Después de unos momentos, que a ella le parecieron inmensamente largos, se apartó de la ventana y se dirigió al espejo.
Se sentó como Heloise lo había hecho, en el banquito, y miró su propia imagen.
Como se había soltado ya los rizos que se enrolló la noche anterior, su cabello caía en pequeños bucles, de forma muy similar a como le caía el cabello a su hermana sobre la frente.
A Gilda le pareció ahora que el rostro que se veía bajo los rizos no era el suyo, sino el de Heloise. Se dio cuenta de que había entre las dos una notable semejanza, ya que eran gemelas idénticas. Gilda se miró detenidamente.
La forma de su rostro, la pequeña nariz recta, los ojos, eran los mismos de su hermana.
En el tocador, frente a Gilda, estaba la pomada para los labios que usaba Heloise y la pata de conejo con la que agregaba un poco de color a sus mejillas.

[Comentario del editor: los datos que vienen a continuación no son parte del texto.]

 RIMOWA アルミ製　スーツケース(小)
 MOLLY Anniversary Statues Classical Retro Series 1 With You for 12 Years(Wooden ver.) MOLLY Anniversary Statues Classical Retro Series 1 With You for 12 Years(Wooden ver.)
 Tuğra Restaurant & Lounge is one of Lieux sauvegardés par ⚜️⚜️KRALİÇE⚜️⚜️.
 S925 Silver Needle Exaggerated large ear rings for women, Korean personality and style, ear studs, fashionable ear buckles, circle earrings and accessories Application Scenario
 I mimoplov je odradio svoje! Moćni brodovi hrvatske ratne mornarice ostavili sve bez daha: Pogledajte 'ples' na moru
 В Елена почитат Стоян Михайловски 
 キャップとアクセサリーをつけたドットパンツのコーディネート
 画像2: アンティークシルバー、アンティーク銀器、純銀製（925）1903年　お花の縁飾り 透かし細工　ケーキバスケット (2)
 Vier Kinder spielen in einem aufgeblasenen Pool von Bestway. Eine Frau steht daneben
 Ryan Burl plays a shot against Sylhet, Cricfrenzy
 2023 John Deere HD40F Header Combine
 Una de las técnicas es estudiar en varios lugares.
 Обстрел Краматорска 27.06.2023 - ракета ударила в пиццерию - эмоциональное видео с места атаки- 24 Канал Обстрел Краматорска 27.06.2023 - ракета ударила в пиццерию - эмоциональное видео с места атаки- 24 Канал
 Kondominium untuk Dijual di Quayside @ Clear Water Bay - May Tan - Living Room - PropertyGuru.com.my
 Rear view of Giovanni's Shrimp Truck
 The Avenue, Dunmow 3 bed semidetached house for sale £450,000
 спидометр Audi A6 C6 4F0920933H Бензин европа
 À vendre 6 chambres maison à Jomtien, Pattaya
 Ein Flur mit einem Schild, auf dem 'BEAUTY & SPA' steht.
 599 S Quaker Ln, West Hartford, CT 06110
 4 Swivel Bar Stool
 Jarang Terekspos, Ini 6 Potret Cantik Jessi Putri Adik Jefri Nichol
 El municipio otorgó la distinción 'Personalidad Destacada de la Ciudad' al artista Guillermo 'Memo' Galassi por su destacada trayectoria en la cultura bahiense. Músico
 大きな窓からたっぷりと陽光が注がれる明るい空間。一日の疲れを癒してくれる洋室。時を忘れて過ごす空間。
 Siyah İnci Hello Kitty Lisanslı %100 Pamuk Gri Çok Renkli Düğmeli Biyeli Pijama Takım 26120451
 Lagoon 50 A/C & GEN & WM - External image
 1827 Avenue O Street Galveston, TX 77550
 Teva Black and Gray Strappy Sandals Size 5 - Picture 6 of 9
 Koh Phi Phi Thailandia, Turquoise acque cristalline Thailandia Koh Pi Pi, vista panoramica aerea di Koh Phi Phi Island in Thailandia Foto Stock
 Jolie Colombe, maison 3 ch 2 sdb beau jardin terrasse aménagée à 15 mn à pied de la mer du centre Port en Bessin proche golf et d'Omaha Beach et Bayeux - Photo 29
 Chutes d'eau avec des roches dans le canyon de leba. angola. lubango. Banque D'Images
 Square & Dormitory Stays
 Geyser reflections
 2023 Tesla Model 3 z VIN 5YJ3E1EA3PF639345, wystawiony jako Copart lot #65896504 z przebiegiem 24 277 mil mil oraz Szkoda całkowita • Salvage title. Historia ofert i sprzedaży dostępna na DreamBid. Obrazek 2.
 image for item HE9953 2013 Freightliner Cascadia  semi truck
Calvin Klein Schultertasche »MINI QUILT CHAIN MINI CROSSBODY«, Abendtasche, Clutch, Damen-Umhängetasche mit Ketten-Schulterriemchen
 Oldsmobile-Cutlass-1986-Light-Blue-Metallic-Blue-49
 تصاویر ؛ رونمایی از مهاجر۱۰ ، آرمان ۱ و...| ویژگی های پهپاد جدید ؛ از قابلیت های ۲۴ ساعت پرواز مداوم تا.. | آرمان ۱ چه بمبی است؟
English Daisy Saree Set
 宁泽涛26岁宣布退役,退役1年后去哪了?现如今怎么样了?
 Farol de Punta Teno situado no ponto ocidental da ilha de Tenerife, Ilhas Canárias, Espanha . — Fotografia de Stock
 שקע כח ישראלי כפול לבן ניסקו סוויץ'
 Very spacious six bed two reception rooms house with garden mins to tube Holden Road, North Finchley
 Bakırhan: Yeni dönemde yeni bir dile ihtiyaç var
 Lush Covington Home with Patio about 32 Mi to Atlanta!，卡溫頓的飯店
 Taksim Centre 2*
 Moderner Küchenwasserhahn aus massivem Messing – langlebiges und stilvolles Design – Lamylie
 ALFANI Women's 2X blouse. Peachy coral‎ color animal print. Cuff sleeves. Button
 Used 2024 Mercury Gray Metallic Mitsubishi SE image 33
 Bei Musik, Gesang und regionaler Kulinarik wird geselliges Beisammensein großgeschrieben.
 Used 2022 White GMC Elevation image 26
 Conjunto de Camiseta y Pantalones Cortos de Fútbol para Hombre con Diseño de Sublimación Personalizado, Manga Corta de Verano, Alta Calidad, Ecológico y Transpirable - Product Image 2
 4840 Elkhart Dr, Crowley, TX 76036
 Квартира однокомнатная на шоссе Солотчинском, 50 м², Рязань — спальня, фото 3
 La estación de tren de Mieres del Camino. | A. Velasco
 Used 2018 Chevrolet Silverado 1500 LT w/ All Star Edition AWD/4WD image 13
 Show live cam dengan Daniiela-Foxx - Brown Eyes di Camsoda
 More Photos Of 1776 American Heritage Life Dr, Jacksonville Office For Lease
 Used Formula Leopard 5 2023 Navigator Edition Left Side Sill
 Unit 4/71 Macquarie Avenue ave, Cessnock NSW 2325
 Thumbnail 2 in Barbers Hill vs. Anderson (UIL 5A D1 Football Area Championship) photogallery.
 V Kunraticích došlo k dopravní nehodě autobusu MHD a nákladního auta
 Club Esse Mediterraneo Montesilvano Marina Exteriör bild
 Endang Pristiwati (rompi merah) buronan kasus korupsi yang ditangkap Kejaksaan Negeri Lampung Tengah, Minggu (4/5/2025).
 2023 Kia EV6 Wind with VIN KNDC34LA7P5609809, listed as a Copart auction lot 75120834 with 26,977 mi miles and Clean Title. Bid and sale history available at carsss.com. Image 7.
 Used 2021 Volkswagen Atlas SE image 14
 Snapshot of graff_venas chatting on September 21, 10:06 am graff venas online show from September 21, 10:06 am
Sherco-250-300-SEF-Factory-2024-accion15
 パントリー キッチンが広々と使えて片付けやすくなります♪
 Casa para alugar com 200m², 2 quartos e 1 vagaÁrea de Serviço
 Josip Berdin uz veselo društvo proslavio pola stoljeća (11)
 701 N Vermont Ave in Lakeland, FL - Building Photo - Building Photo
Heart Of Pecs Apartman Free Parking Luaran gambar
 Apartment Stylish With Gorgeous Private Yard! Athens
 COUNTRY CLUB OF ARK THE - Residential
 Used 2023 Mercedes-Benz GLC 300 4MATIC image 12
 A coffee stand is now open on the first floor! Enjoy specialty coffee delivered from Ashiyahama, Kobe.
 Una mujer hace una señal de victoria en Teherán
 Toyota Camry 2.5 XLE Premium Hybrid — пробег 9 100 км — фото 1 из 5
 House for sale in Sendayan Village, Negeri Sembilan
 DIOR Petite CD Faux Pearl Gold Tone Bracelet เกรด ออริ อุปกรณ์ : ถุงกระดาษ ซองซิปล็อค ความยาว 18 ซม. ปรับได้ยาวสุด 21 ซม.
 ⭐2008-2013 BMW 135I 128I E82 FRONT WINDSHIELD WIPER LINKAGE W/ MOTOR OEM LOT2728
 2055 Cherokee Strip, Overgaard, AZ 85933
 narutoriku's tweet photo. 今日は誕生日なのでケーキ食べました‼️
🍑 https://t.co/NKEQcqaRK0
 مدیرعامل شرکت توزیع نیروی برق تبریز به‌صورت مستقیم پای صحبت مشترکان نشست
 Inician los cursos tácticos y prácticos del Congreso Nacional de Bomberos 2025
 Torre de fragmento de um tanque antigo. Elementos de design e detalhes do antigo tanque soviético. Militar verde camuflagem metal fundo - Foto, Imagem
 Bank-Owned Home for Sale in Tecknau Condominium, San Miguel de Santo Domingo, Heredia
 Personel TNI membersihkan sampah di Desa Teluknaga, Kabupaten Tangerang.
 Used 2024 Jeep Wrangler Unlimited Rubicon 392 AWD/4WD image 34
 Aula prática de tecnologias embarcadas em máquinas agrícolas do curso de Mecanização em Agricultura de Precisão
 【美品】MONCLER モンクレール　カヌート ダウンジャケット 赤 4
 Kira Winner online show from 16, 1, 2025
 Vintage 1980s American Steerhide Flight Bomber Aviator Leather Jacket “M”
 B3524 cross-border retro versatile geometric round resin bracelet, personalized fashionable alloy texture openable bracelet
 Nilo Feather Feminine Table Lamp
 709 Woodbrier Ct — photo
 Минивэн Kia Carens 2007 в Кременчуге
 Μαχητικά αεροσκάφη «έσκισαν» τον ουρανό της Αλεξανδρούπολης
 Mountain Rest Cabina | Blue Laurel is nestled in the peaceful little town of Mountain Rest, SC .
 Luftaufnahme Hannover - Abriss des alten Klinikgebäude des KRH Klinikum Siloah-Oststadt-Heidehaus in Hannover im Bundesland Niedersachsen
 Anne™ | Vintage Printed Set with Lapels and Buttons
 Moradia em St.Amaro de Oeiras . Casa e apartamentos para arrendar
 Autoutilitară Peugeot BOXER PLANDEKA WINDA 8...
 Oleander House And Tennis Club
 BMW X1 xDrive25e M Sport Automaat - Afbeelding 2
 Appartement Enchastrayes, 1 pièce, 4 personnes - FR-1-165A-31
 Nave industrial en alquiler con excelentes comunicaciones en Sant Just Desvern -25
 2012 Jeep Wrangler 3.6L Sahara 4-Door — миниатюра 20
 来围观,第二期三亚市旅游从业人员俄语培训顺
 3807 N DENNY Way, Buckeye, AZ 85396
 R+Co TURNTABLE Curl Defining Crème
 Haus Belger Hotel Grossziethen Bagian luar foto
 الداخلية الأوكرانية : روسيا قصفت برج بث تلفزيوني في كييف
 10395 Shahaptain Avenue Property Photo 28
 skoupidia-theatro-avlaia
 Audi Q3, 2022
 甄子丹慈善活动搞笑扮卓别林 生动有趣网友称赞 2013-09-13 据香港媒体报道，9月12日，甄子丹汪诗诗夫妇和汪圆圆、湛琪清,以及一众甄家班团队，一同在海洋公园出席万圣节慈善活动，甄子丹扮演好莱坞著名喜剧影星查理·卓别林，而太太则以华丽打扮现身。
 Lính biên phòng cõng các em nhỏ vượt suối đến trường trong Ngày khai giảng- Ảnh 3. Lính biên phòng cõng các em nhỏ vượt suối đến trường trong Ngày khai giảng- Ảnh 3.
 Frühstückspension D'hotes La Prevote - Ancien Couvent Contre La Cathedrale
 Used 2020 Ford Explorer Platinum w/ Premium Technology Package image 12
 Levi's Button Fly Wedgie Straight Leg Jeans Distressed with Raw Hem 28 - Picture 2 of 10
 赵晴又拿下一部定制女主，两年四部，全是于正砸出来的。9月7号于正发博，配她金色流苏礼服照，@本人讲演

Estaba, también, el polvo que hacía parecer su piel todavía más blanca.
Como si estuviera soñando, Gilda se aplicó los cosméticos, del mismo modo que su hermana lo hacía.
El sábado, cuando llegó, después del almuerzo, Heloise había subido a su dormitorio para quitarse el vestido de viaje y ponerse algo más fresco y más ligero y, sentándose ante el tocador, había exclamado:
—¡Cielos! ¡Me veo terrible!
Entonces había añadido un ligero rubor sonrosado a sus pálidas mejillas; hizo brillar sus labios con la pomada y se aplicó polvo en la cara. Su apariencia era ahora diferente y parecía un poco mayor.
—¿Todas las mujeres en Londres usan cosméticos? —había preguntado Gilda:
—¡Por supuesto que sí! —contestó Heloise—. Yo me sentiría desnuda sin ellos.
—Te hace parecer extraña; pero, al mismo tiempo, muy hermosa.
Al decir esto, Gilda se había mirado en el espejo, un poco desilusionada de su propia apariencia.
Ahora los cosméticos la transformaron en la viva imagen de Heloise.
«¡Soy un duplicado de Heloise!», se dijo al levantarse del banquito. «Pero ¿cómo puedo pensar en hacer algo así?», se preguntó, casi esperando que su hermana se sentara en la cama y le reprochara tal pretensión.
Pero Heloise se quedó muy quieta. La luz del sol tocaba el oro de su cabello, confiriéndole un halo dorado.
«Estoy segura de que habría sido bondadosa conmigo si hubiera vivido», añadió Gilda para sí, aunque sabía que no era cierto.
Un momento después, como obedeciendo un impulso más fuerte que su voluntad, se dirigió hacia el guardarropa.
* * *
Media hora más tarde, Gilda empujó, desde el dormitorio a lo alto de la escalera, el baúl lleno de ropa de Heloise y luego regresó para recoger su sombrero, los guantes y su bolso de mano.
Se dirigió hacia la cama y miró un momento a su hermana, a la tenue luz que penetraba a través de las cortinas, antes de ponerse de rodillas.
Elevó una ferviente oración, pidiendo que Heloise encontrara la paz y la felicidad, y que a ella misma se le perdonara lo que estaba haciendo si ello era pecado.
«Si sólo pudieras decirme, mamá», pensó dirigiéndose a su madre, «que lo que estoy haciendo está bien… o mal… sería mucho más fácil para mí. Pero juro, por todo lo que me es sagrado, que si hago esto trataré de ser buena, amable y comprensiva con cuanta persona conozca».
Suspiró y continuó para sí:
«No hay muchas personas a las que pueda ayudar aquí, pero tal vez, si voy a Londres, encontraré a alguien que necesite mi consuelo, como tantas personas necesitaron el tuyo. Ayúdame, mamá, a ser como tú. Y perdóname si no apruebas lo que estoy haciendo ahora».
Cuando terminó su oración, Gilda enjugó las lágrimas de sus ojos y se inclinó para besar la helada mejilla de Heloise.
—Adiós, queridita —murmuró—, y que Dios te acoja en su seno.
Recogiendo las cosas que había puesto a un lado mientras oraba, Gilda salió del dormitorio y cerró la puerta con suavidad tras ella.